There are three most important components in writing SQLAlchemy code:

  1. A Table that represents a table in a database.
  2. A mapper that maps a Python class to a table in a database.
  3. A class object that defines how a database record maps to a normal Python object.

Instead of having to write code for Table, mapper and the class object at different places, SQLAlchemy's declarative allows a Table, a mapper and a class object to be defined at once in one class definition.

Python Central, "Introductory Tutorial of Python's SQLAlchemy", 2015-07-12 08:52:21 UTC

Database Structure

To expose a database to your Python programs, you will need to define a Python module which serves the purpose of declarative definitions. You have two ways to go about doing this:

  1. Generating your declarative definitions file from a pre-existing database.
  2. Creating a declarative definitions file, which can also setup your database and tables.

Both options are explored below, and beyond connectivity, we will explore basic CRUD operations, including with ACID, when applicable.

Generating declarative definitions

If you already have a pre-existing database (or are used to scaffolding in CakePHP, and want to perform similar from MySQL Workbench, phpMyAdmin, SQLPro for MySQL, SQLPro for Postgres, Adminer etc.), you can use the sqlacodegen Python module to build mapper files for SQLAlchemy.

At the minimum, you have to give sqlacodegen a database URL. The URL is passed directly to SQLAlchemy’s create_engine() method so please refer to SQLAlchemy’s documentation for instructions on how to construct a proper URL.

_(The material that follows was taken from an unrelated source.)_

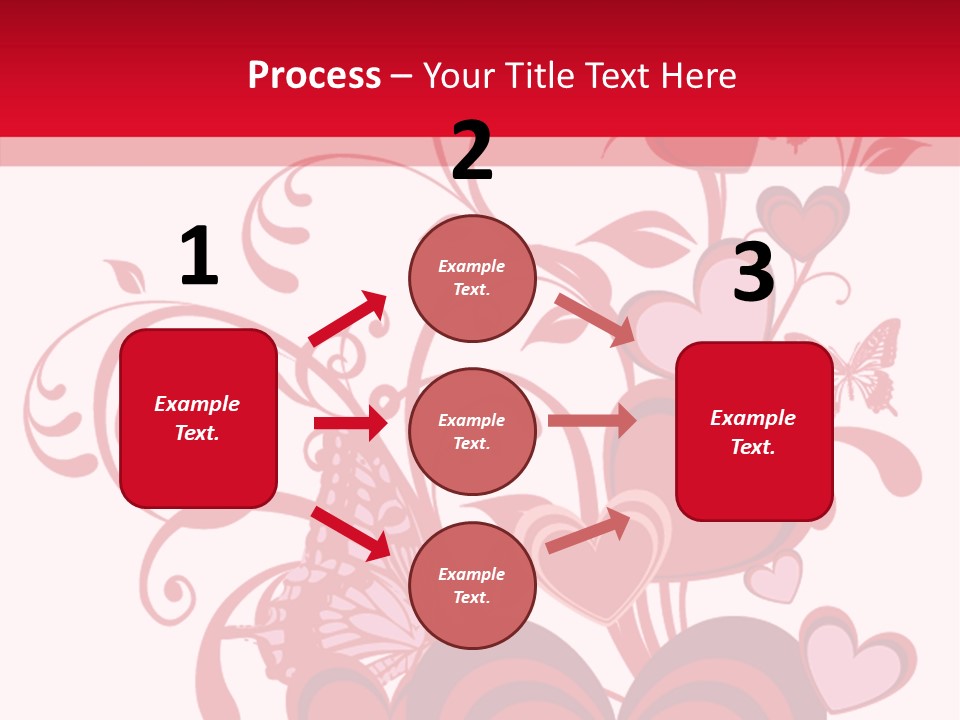A Bunch Of Hearts On A Red And White Background PowerPoint Template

sqlacodegen, Python Package Index, version 1.1.6

WARNING: You should use a temporary password for accessing your database via sqlacodegen, as your password can be viewed through both the history and/or process list; even if you try and redirect the password into the process. You can try and store the password in an environment variable, but nothing is guaranteed. 1) 2)

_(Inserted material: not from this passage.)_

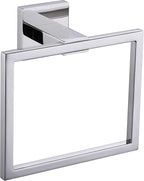 LANC Hand Towel Rings for Bathroom Wall Mount Chrome Polished Square Hand Towel Holder for Lavatory Bathroom Hardware Accessories Stainless Steel Modern Style Shower Towel Towel Racks Hanger, A8896CP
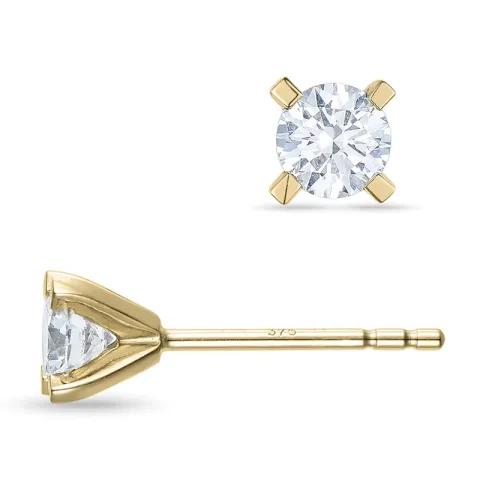 2 x 0,30 ct lab grown Diamant Ohrringe in 9 Karat Gold mit lab grown Diamant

  • Open your command line, and change to your project directory to activate your pyenv-based virtualenv, as mentioned in aforementioned setup instructions.
    • cd ~/your/project/directory
  • Use a proper connection URL for your database.
  • PostgreSQL
    • sqlacodegen postgresql:///some_local_db
  • MySQL
    • Host connection format
      • sqlacodegen mysql://user:password@hostname/dbname
        • Note: If you use "localhost" instead of (e.g. for tunneling) or a hostname; by default, sqlacodegen will look for a socket file at /tmp/mysql.sock
    • Unix socket file format
      • sqlacodegen mysql://user:password@localhost/dbname?unix_socket=/path/mysqld.sock
      • Examples
        • Ubuntu 14
          • sqlacodegen mysql://user:password@localhost/dbname?unix_socket=/var/run/mysqld/mysqld.sock
        • MAMP on OSX
          • sqlacodegen mysql://user:password@localhost/dbname?unix_socket=/Applications/MAMP/tmp/mysql/mysql.sock
  • SQLite
    • sqlacodegen sqlite:///database.db

(To see the full list of options: sqlacodegen --help)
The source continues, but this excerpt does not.